Um die Schummeleien zu verhindern, bietet Digg seinen Usern die Möglichkeit, das Verhalten anderer Nutzer zu beobachten – so kann man nachsehen, wer welchen Link eingereicht und "gediggt" hat. Erhält eine Geschichte besonders viele "Diggs" von Personen mit frisch angelegten Accounts, ist die Wahrscheinlichkeit groß, dass hier jemand unfair spielt. Sieht ein Nutzer so etwas, kann er einen Artikel "begraben" ("bury") – tun das genügend Digg-User, verschwindet er von der Startseite.

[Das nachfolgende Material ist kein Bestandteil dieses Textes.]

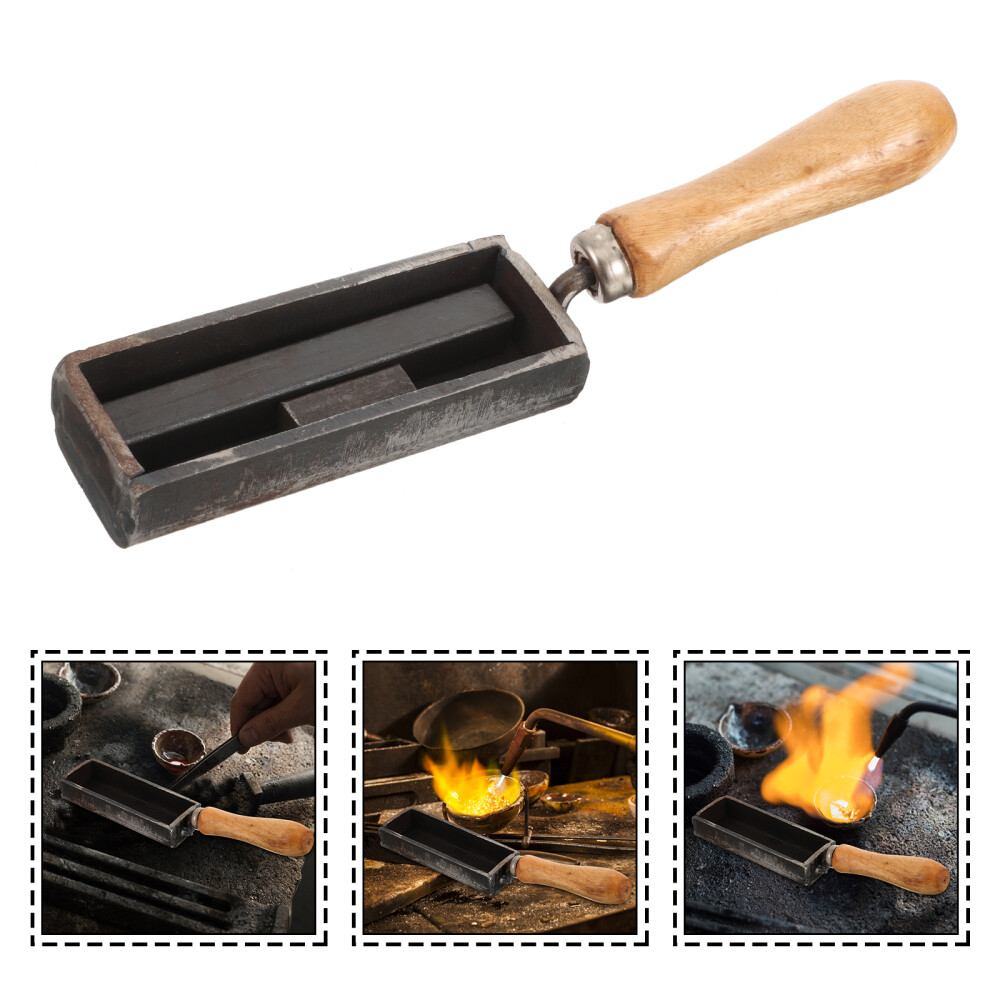 1 Set Strip Shape Iron Ingot Mold Casting Mold For Melting Refining With Handle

Verdächtige Aktivitäten werden aber auch von der Seite selbst ermittelt. Sie kann dabei auf ein umfangreiches Archiv älterer Nutzungsdaten zurückgreifen, aus der sich Verhaltensmuster herauslesen lassen. "Wir haben jetzt mehr als zwei Jahre Erfahrung mit dem Dienst und können eine statistische Analyse betreiben, was legitime Inhalte sind und was nicht", erklärt Digg-Gründer Kevin Rose. Insgesamt 1,2 Millionen Links sind in diesem Zeitraum eingegangen – bei 50 Millionen "Diggs". Laut Rose besitzt die Seite so ein gutes Verständnis dafür, wie die Dinge normalerweise ablaufen.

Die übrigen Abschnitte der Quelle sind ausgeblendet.